If I could play one song to show off Interpol's talent, it'd be "Stella Was a Diver and She Was Always Down," the dreamy-moody centerpiece of their first album, Turn On the Bright Lights. The first time I heard it, in a record store, I was drawn to the rhythm guitar's two-chord drone, the lead guitar's repetitive chiming, and the singer's crying out, like Stanley in A Streetcar Named Desire, to his love or lust object, Stella, who was either drowning or living underwater. The verses crested into a two-part chorus, first a rush of feeling from the lead guitar and then a low, pulsing menace from the rhythm guitar, mixing dream and obsession, passion and dread. I got the store clerk to take the CD out of the player so I could buy it right away.

In the 2000s all the great eras of rock music are being recycled, distilled, infused with new energy. The Strokes echo wiry New York bands from the 1970s, Jet's hooks are lifted from late-1960s British rock superstars, and Ryan Adams influence-checks 1970s singer-songwriters and then 1980s college rockers. Interpol's influence is moody British early-1980s postpunk: the Cure, the Smiths, the Psychedelic Furs.

Critics loved Turn On the Bright Lights — it made a lot of best-of-2002 lists — but they quickly pigeonholed Interpol as the new Joy Division.
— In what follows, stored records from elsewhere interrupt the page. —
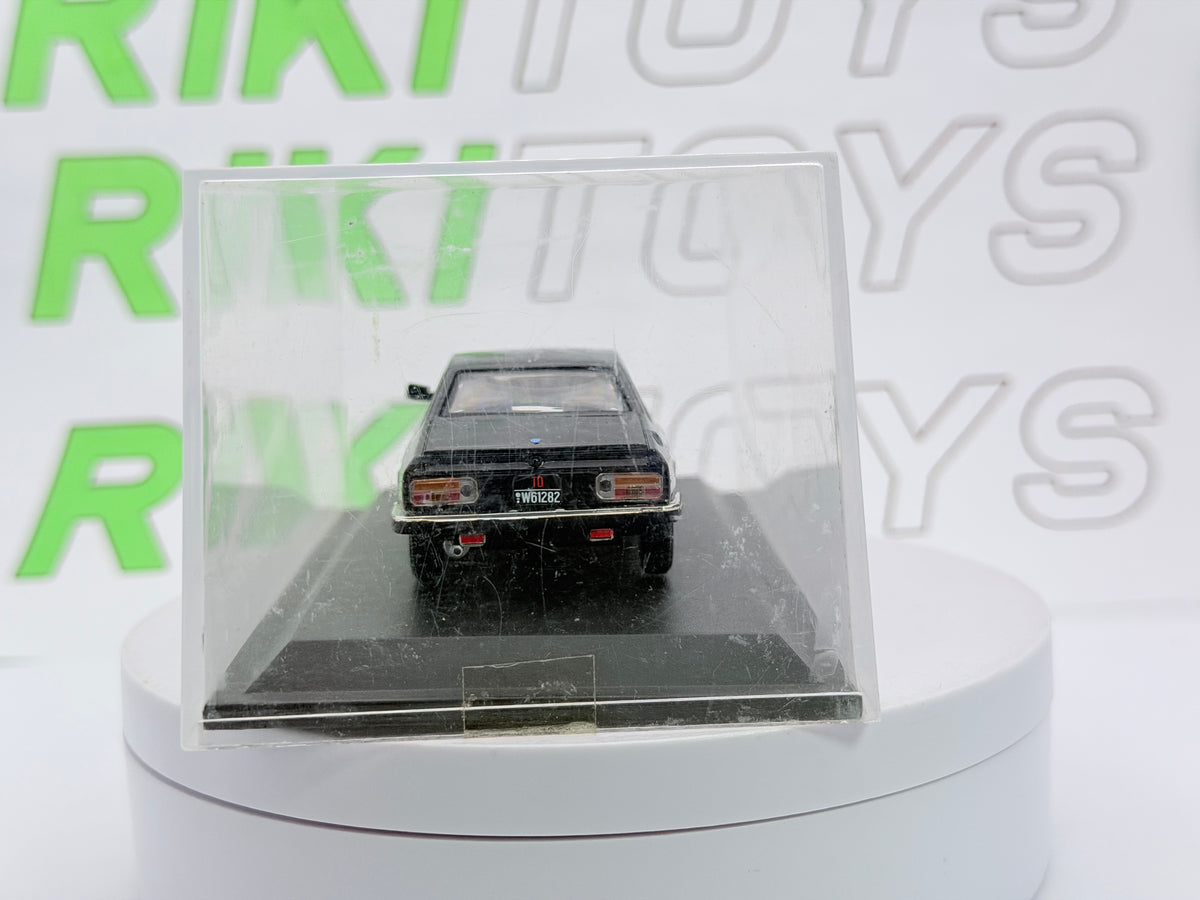 Lancia Beta Coupé 4a serie Norev 1/43 Nero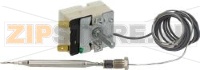 Thermostat 97 - 190 °C   1430 mm length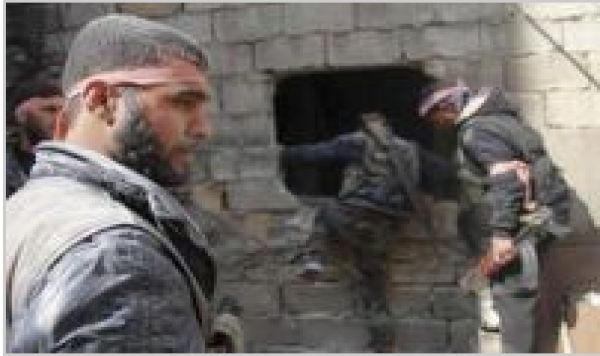 Syrie : 200 terroristes se sont rendus à l’armée!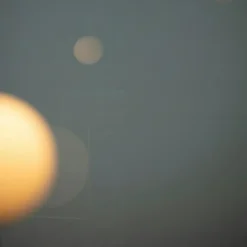 Flos Bordslampor-IC Lights T3 Bordslampa, 24K Guld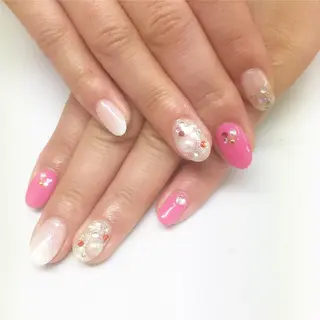 ネイル ネイリスト CHIAKIのネイルデザイン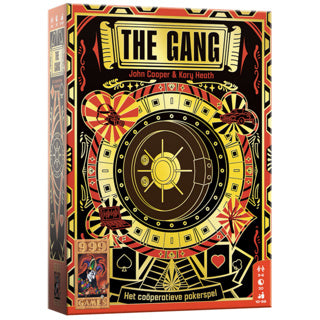 999-games spel the gang | 2 stuks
Some of Interpol's songs, like "Stella," with chilly guitars and vocals that fixate on a few notes to hypnotic effect, do sound similar to the frigid, spooky Joy Division albums that started postpunk. But Interpol, a quartet of New Yorkers in their twenties and thirties, denied that Joy Division was a major influence. They were more eager to pay respects to the Cure and the Smiths. Some tracks on the first album resemble the Cure's intricate soundscapes ("Untitled," "Hands Away"), while "Say Hello to the Angels" is propelled by a jaunty dash of Smiths-like playfulness.

But the key influence the critics missed, I think, is Echo & the Bunnymen, the most exciting, aggressive rock band from the postpunk crowd. Like the Bunnymen, Interpol can turn a set of mystifying but evocative couplets, backed by one or two intense, ferocious chords, into a grandiose romantic gesture that never loses its cool. Their second album, Antics (2004), includes the misleadingly named "Public Pervert," which is actually an alluring, slowly building come-on: "So swoon, baby, starry nights / May our bodies remain / As deep we move, I'll feed you light."
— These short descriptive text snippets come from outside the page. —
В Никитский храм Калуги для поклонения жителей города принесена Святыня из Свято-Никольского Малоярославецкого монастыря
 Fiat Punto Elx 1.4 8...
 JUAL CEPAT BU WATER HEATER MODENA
Interpol's appeal isn't nostalgic. They've made a new art out of their influences' sounds and moods, built on the tension between their music's cold exterior and the warmth and passion — the "bright lights" — at its heart. For me, seeing them open for the Cure at last year's Curiosa Festival evoked the opposite of nostalgia: the feeling that the past and future are happening at the same time. Now, I'm anxious to see them on their own in the perfect setting for them: an old, dark theater.

Interpol plays the Michigan Theater on Sunday, September 25.